[[ Data provided, beginning ]]

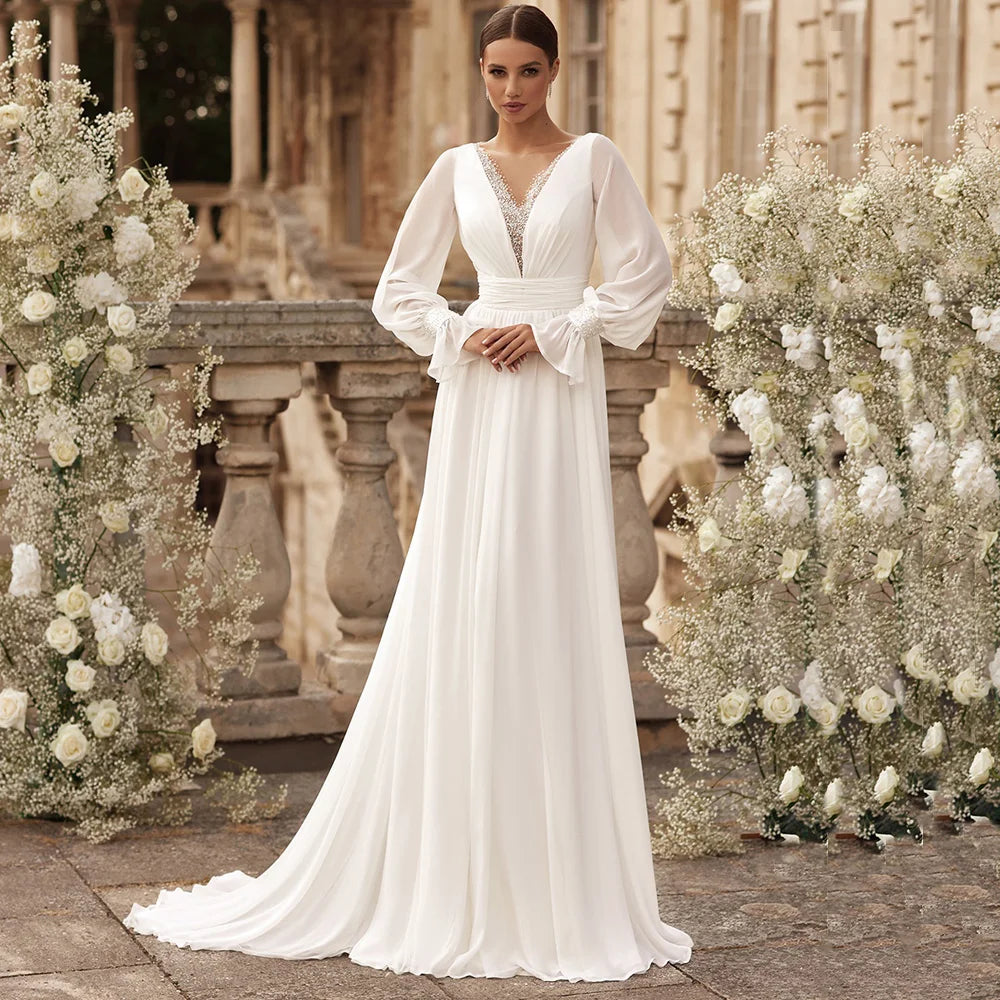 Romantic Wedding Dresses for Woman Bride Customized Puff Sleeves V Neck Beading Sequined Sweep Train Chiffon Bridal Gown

[[ Data provided, end ]]
[[ Data provided, beginning ]]

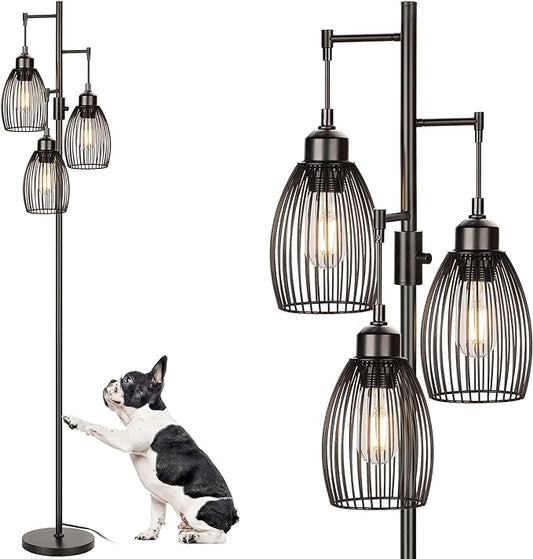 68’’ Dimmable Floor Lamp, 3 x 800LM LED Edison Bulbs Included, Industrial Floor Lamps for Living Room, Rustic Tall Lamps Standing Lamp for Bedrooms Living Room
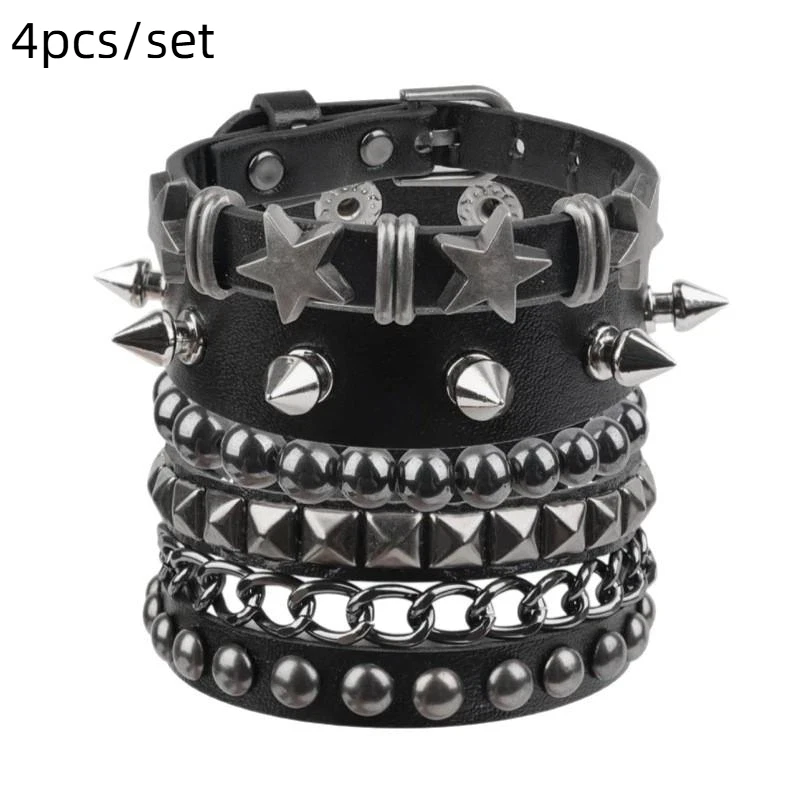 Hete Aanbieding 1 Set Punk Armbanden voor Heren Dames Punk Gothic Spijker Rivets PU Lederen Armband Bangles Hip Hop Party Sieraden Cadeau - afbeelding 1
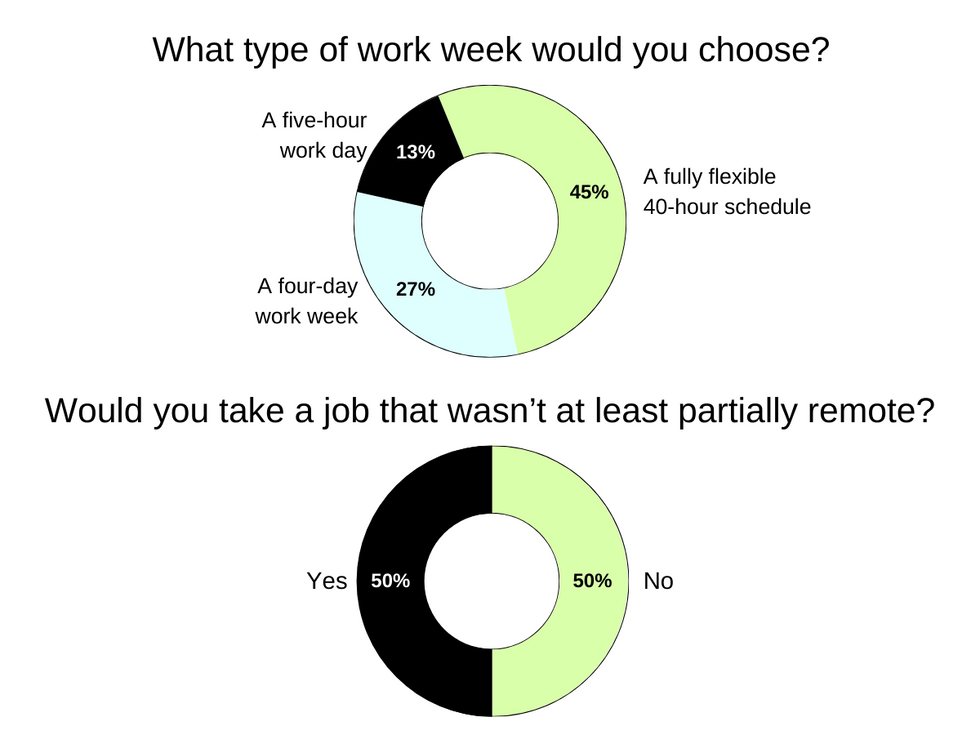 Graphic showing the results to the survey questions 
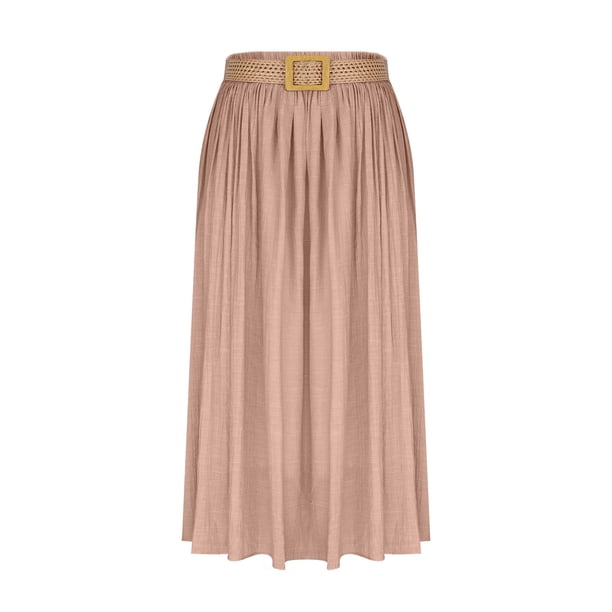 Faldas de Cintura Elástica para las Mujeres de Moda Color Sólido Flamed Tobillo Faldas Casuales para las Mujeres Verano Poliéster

[[ Data provided, end ]]
[[ Data provided, beginning ]]

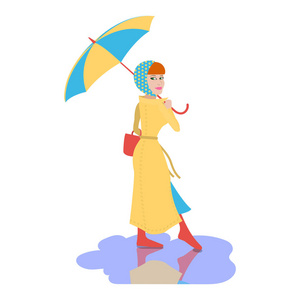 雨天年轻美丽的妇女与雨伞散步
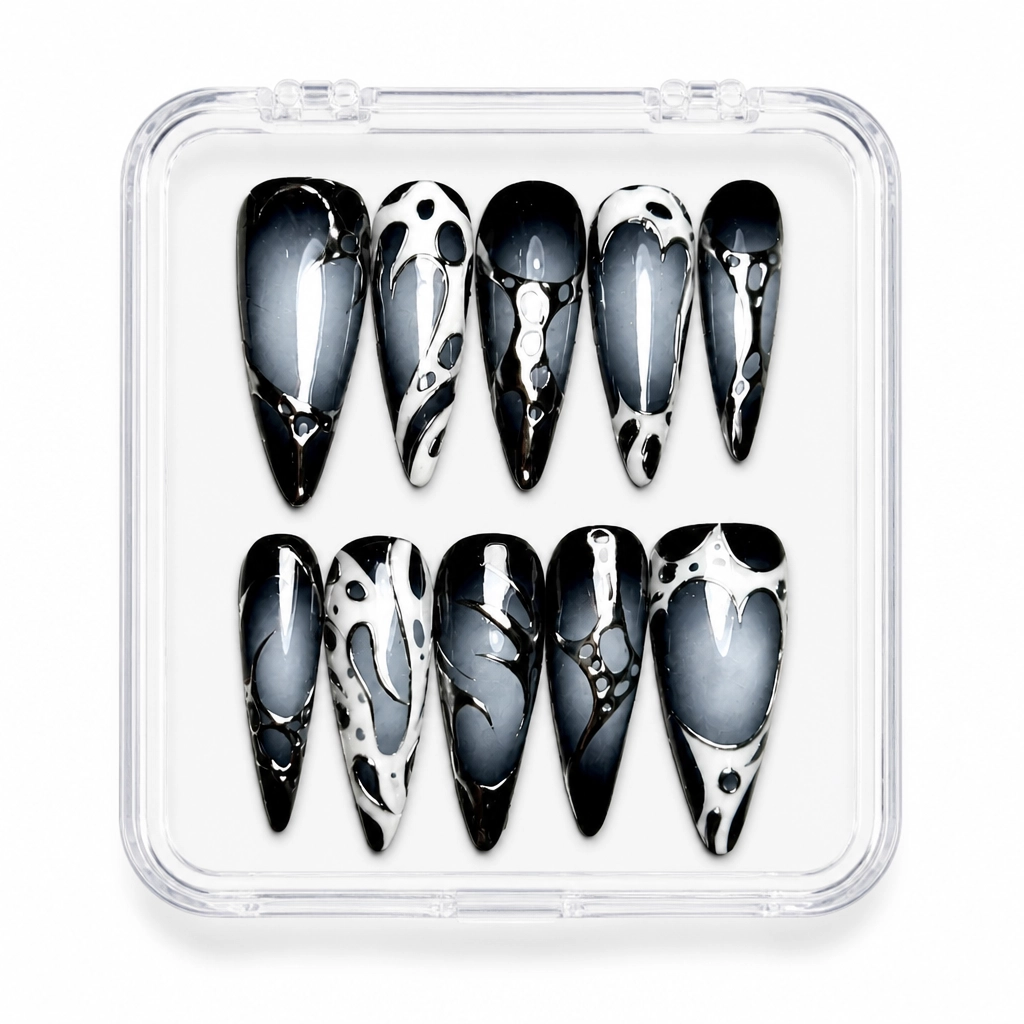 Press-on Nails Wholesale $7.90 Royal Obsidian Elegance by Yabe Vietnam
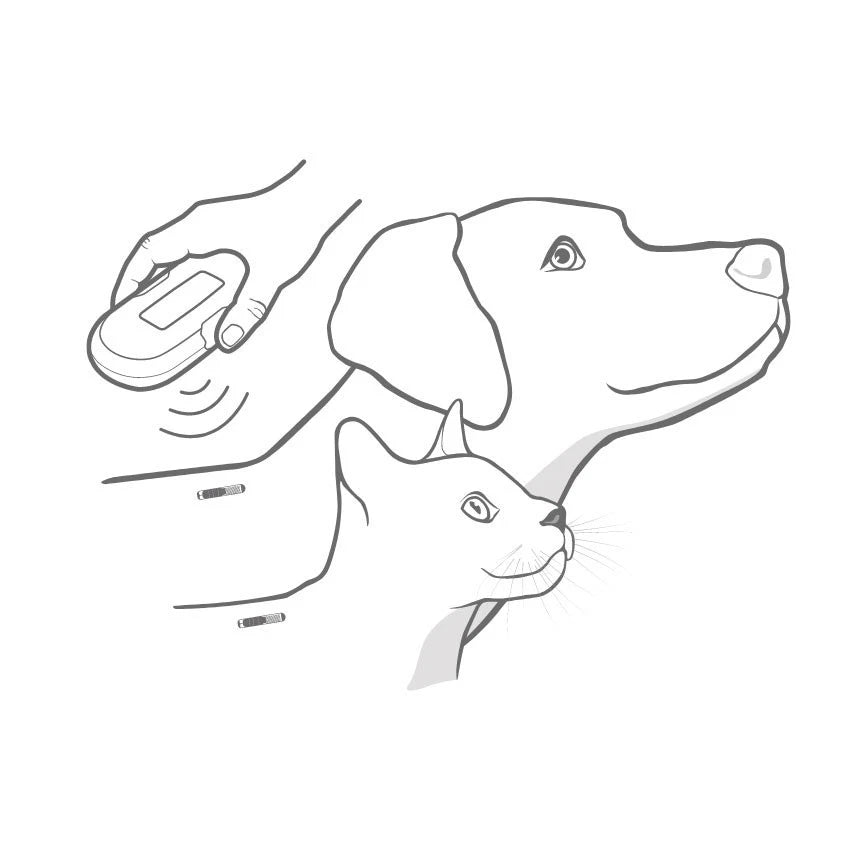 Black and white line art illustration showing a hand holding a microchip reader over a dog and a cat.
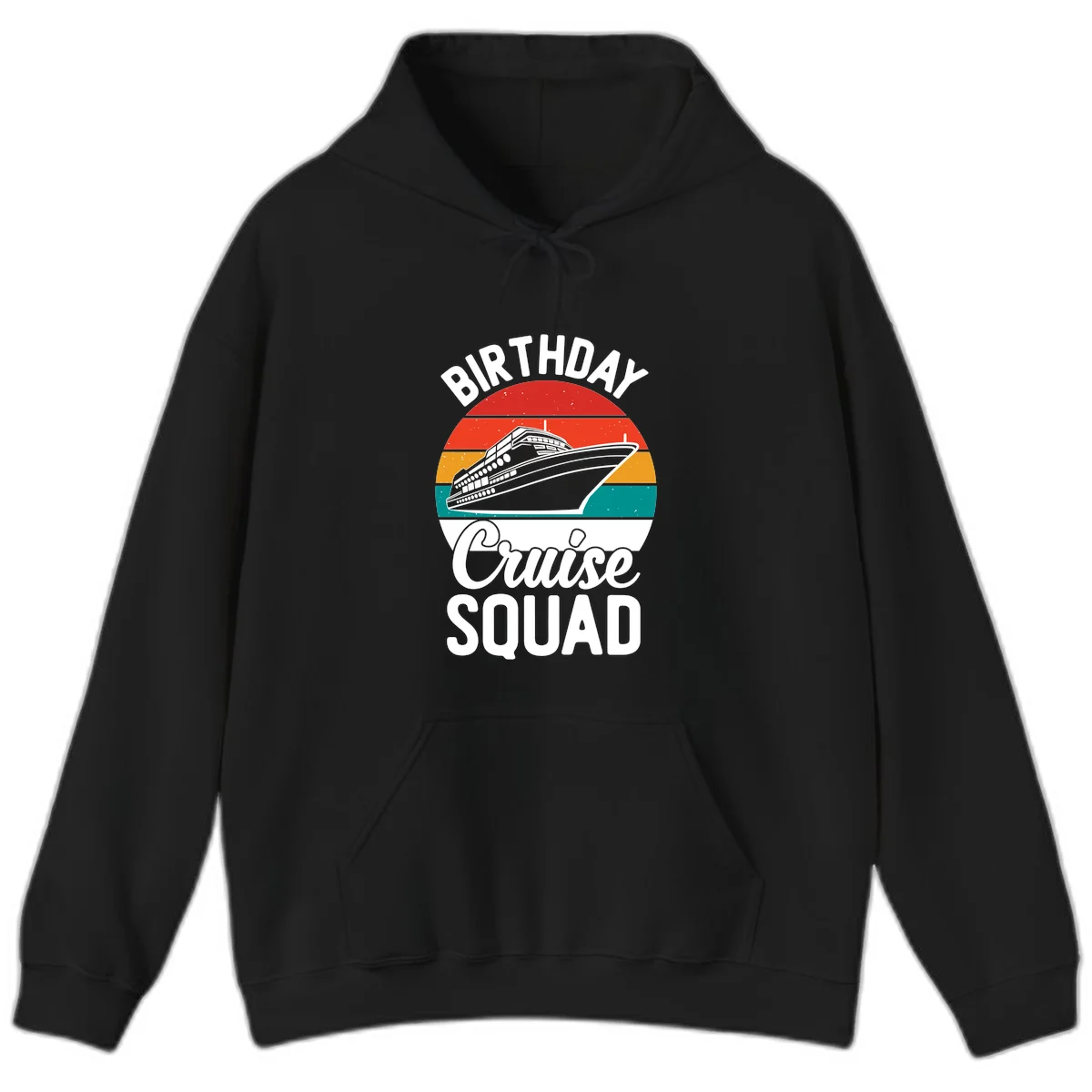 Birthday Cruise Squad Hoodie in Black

[[ Data provided, end ]]

> _Task requirements_
Give again, exactly as written above, every line from the one holding "雨天年轻美丽的妇女与雨伞散步" to the one holding "Birthday Cruise Squad Hoodie in Black", with both ends kept and the pictures left out.

> _Your solution_
 雨天年轻美丽的妇女与雨伞散步
 Press-on Nails Wholesale $7.90 Royal Obsidian Elegance by Yabe Vietnam
 Black and white line art illustration showing a hand holding a microchip reader over a dog and a cat.
 Birthday Cruise Squad Hoodie in Black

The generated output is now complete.